Databases are used to store and query large amounts of data. It can easily handle millions, if not even billions of rows, in case you store and query your data efficiently. Sometimes you might not even need a database, in case you don't have a lot of data to store, or you are just aggregating data from various APIs. It's always good to do the things as simple as possible, as it makes things easier to change later on.
One of Django's most valuable features is the ORM. With it, you can easily query and insert data into your database, without having to learn specifics about SQL, and you can use it out of the box, as soon as you know Python. Django also saves you from dealing with SQL Injection, and provides a solid concept for handling authentication and authorization.
There are some specific details about databases that are helpful to know about, as soon as your application scales. If you are at the beginning of your programming career, feel free to skip those details, and enjoy building your new application.
SQL is the query language by which you can retrieve or insert data from/into the database. I would suggest taking a look at a cheatsheet to get comfortable with it and try it out on your own.
The term ACID describes features about databases that make them reliable. It stands for Atomicity, Consistency, Isolation and Durability.
Databases perform their operations within a transaction.
A transaction can contain one or multiple statements, separated by semicolon ;
.
When you connect to the database and issue a select query like this one
SELECT * FROM auth_users;
it happens within a transaction, that is opened and closed immediately. But you can also begin a transaction explicitly and execute several statements within the same transaction:
BEGIN TRANSACTION;
SELECT * FROM auth_users;
INSERT INTO auth_users (name, email) VALUES ('Victor', '[email protected]');
COMMIT TRANSACTION;
Atomicity means that if any of the statements within a transaction fails, then none of the changes made by previous statements are persisted to the database.

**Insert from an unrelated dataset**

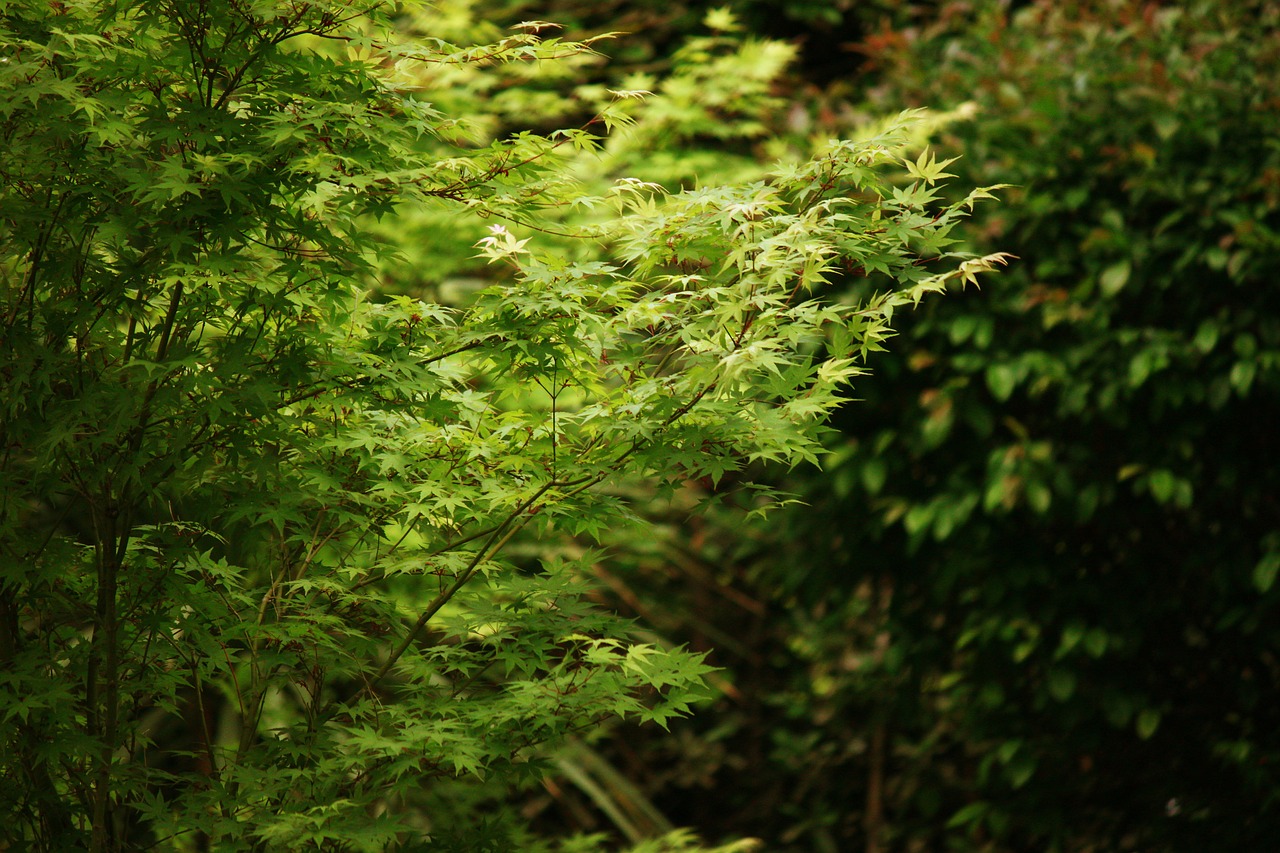 tree leaves green free photo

In django this can be achieved with the django.db.transaction
module, for example:
from django.db import transaction
with transaction.atomic():
...
One thing to keep in mind is that transactions usually lock the database, which will be discussed later in the section about Isolation, therefore transactions in Python code should be short and not include any other computations, since they might block other processes from reading from the database. This is also the reason why the ATOMIC_REQUESTS setting is discouraged.
Consistency refers to two things:
- Consistency in data
- Consistency in reads
Consistency in data means that the data that is persisted on the disk complies with certain rules, specified by the database schema. For example:
- An integer field stores an integer, and not a string
- The primary key of a row is unique
- Foreign key and unique constraints are respected
- etc.
Consistency in reads means that as soon as the transaction was commited, you can query the database and get back the value that you saved initially. This might sound trivial, but in case you do a replication or sharding of your database, the results might not be consistent.
Isolation levels define how transactions see changes made by other transactions. There are five different levels of isolation, and it might be confusing since every RDBMS defines them slightly different. But the five principles of isolation are:
- read uncommitted
- read committed
- repeatable read
- snapshot isolation
- serializable
Read uncommitted is basically no isolation, since changes made to the data in one transaction can be immediately seen by other transactions that have this isolation level.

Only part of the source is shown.